Article 12.2 of the Civil Code, states that reference to foreign law is deemed to be to
its substantive law, irrespective of the renvoi that its conflict rules make to another law
that is not Spanish law. This implies that only first-degree renvoi is accepted.

When an EU Regulation or International Convention is applicable, the special rules of


these instruments relating to renvoi will apply.

EXCEPTIONS TO THE NORMAL APPLICATIONS OF CONFLICT OF LAW RULES

Article 12.3 of the Civil Code, states that in no case will the foreign law apply if it is
contrary to public policy. Hence, application of the foreign law is ruled out if it leads
to a result that is in clear breach of the basic principles of Spanish law. Constitutionally
recognised principles are considered to be essential.
PROOF OF FOREIGN LAW

The content and validity of the foreign law must be proved by the parties, and the
court can check this by any means that it considers necessary for its application. The
system is a mixed one combining the principle of submission of pleadings and
examination only upon application by the party with the possibility of the court
cooperating in carrying out checks. In exceptional cases where the content of the
foreign law cannot be proved, Spanish law will apply.
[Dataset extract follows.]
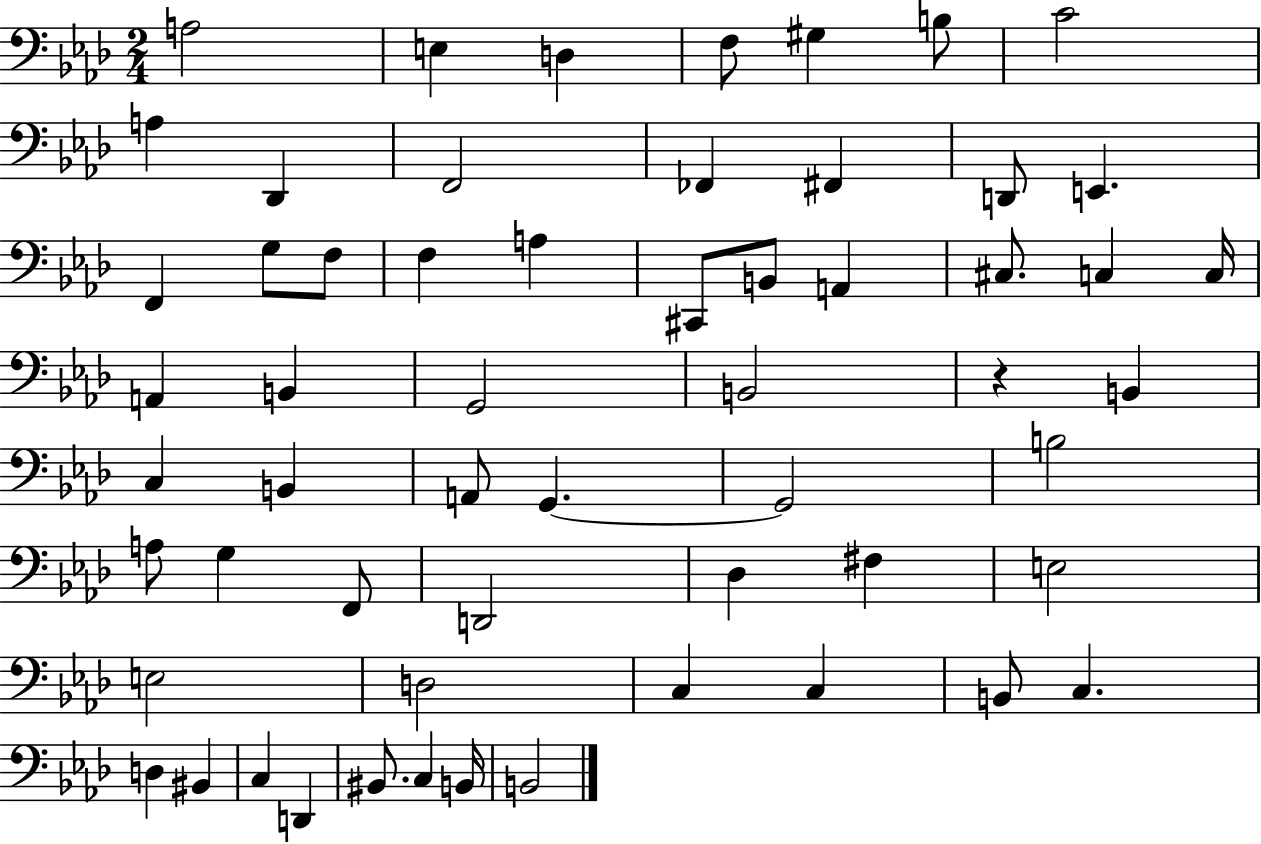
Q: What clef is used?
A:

BILATERAL AND UNILATERAL SYSTEM

The rules of Private International Law in the strict sense (rules of conflict of laws)
indicate which legal system should be applied to resolve private situations related to
more than one legal system. The applicable legal system can be the national legal
system (lex fori), or it can be a foreign legal system.

A rule of conflict of laws is called "unilateral" when it establishes that the national legal
system (lex fori) is the one that must be applied to resolve the situations that fall within
its assumption of fact.

If the connecting factors of a conflict of law rule allows the possibility of applying a
foreign legal system, that rule is called "bilateral." Bilateral conflict rules require that, if
their connecting factors refer to a circumstance that occurs abroad, the foreign legal
system in question shall apply. However, the effective application of the foreign legal
system, has to be in accordance with certain circumstances:

- It cannot go against the legal international public order of the country.
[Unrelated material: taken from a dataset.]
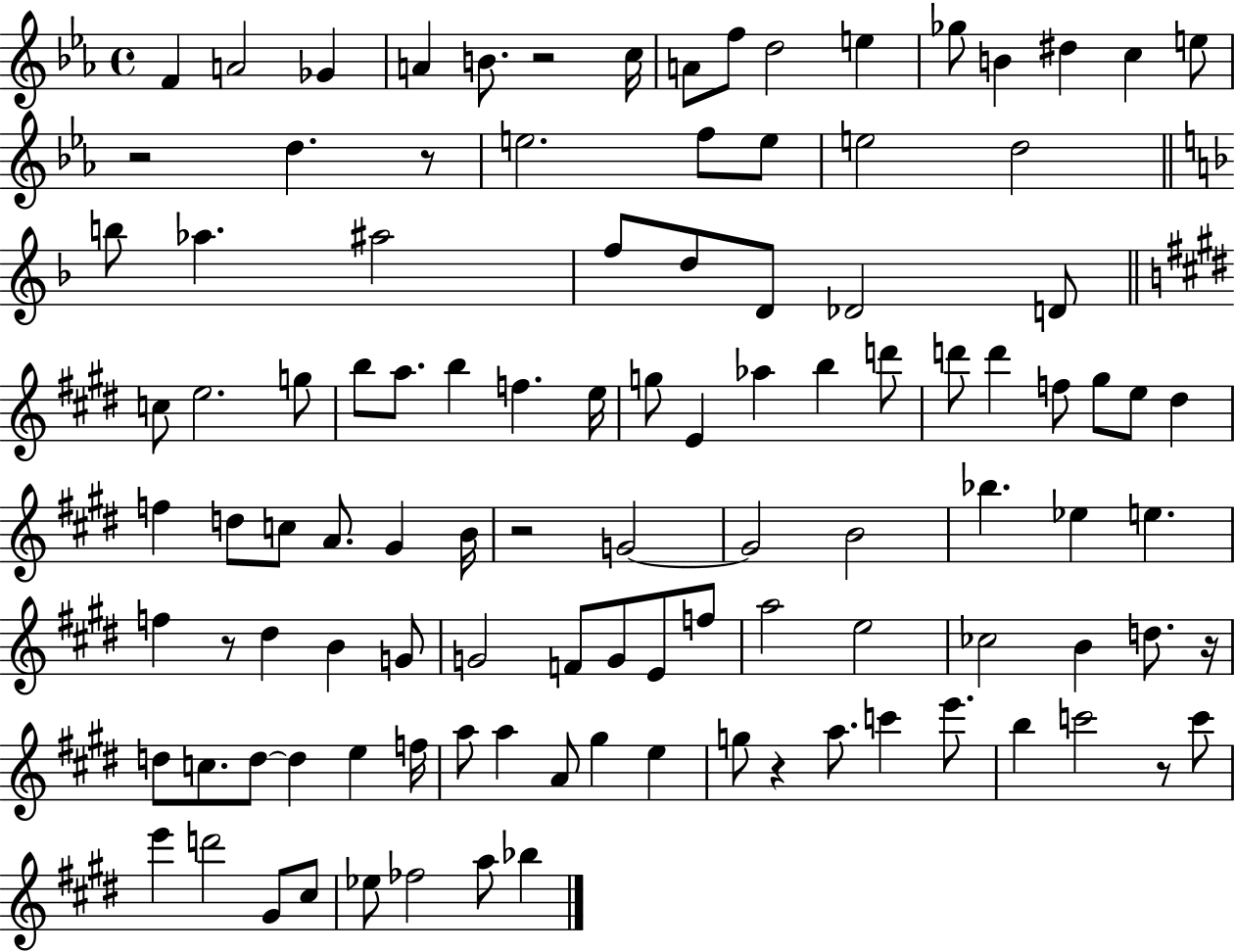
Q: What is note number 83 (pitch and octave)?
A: A4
- It cannot imply fraud to the law.
- It cannot go against necessary or imperative application regulations
(police regulations).

If foreign international law is consistent with these circumstances, it must be applied,


despite the resistance that this may produce among national legal operators.
PRIMACY OF EU LAW

The principle of the primacy / precedence / supremacy of European Union law is


based on the idea that where a conflict arises between an aspect of EU law and an
aspect of law in an EU Member State (Spanish law in this case), EU law will prevail.
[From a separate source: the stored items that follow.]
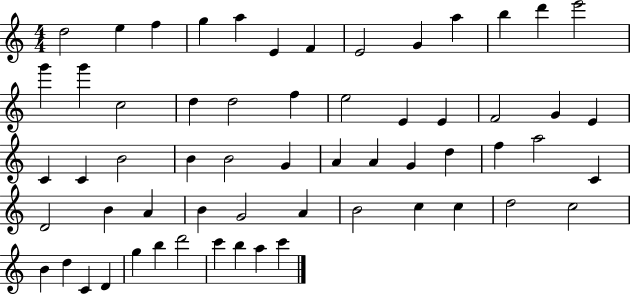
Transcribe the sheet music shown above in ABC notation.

X:1
T:Untitled
M:4/4
L:1/4
K:C
d2 e f g a E F E2 G a b d' e'2 g' g' c2 d d2 f e2 E E F2 G E C C B2 B B2 G A A G d f a2 C D2 B A B G2 A B2 c c d2 c2 B d C D g b d'2 c' b a c'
If this were not the case, Member States could simply allow their national laws to take
precedence over primary or secondary EU legislation, and the pursuit of European
Union policies would become unworkable.

The principle of the primacy of EU law has developed over time and, although not
enshrined in the EU treaties, there is a brief declaration in the Treaty of Lisbon.

The Court of Justice declared that the laws adopted by European Union institutions
were capable of creating legal rights which could be enforced by natural and legal
persons before the courts of the Member States. EU law therefore has direct effect.

Regarding this “direct effect” principle, The Court of Justice further built on it and
resumed that the aims of the treaties would be undermined if EU law could be made
subordinate to national law. As Spain transferred certain powers to the EU, it limited
its sovereign rights, and thus in order for EU norms to be effective Spain must take
precedence over any provision of national law, including constitutions.

The principle of primacy therefore seeks to ensure that people are uniformly
protected by an EU law across all EU territories.

FIELDS OF APLICATION

It should be noted that the primacy of EU law only applies where Member States have
ceded sovereignty to the European Union.

Applicable in fields such as the single market, environment, transport… However, it


does not apply in areas such as education, culture or tourism.